# MAC Trainers Studio Talk 3/27/10 Perfect Makeup



## sheaspearl83 (Mar 30, 2010)

2 Trainers came to our local counter to teach basic and advance classes.  I attended the advanced class and decided to reorganize my prep kit:

Skin Care
Pro Eye Makeup Remover (requested additional reviews, have always used Lancome's)
MAC's wipes - definitely
Neutrogena Acne Oil Free Lotion 8 hours - night only

Day Regimen
face cleansing brush
Lancome's new massage cleanser - just feels so good
Neutrogena toner
Fix + spray
Fast Response Eye Cream
Select Coverup concealer - brush #195
Prep and Prime lash
Studio Fix Lash mascara (I am still using Mascara X or Lancome)
lashes of choice (No, allergic to latex; I only wish)
eye kohl (Costa Riche was the big promotion)
Bare Study or Groundwork paint pot
MAC Oil Control Lotion
Skin Prep N Prime lotion
Translucent Prep N Prime mattifying powder - My skin is very oily in t-zone; even around lips.
Select Coverup concealer - mattifies also
Lip Conditioner
Spice Lip Pencil - a staple for everyone
       or 
Lip Pencil for monochromatic look


Foundation depends on choice of look:  Studio Tech vs. MSF Natural
These were the two that they talked about giving an airbrushed look.
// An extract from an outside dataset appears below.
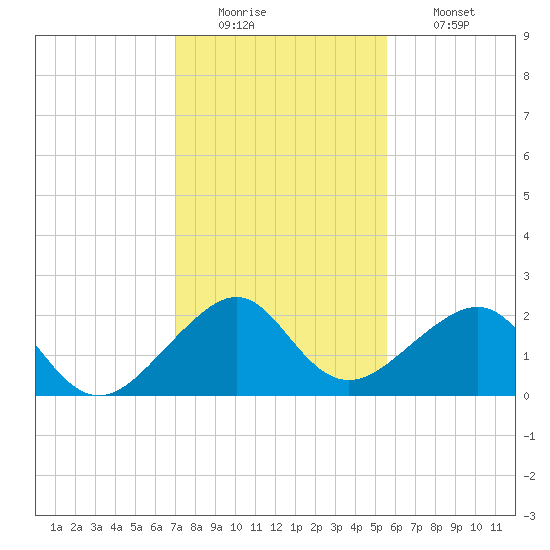 Government Cut tide chart for Monday, December 22, 2025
Please have these staples available:  beauty powder, mineralized blush, and MSF (used to highlight only; unless using Dark or Deep Dark MSF for bronzed contour).  All done with brush #168.  Yes, I was shocked, also.

Hopefully, there is someone new who needs this information or like me and always searching for new ways.  I decided to purchase a small hot pink scrapbook supply holder for my Prep N Prime items and I placed it inside a Rubbermaid clear container to remain clean.  Thanks for reading!


----------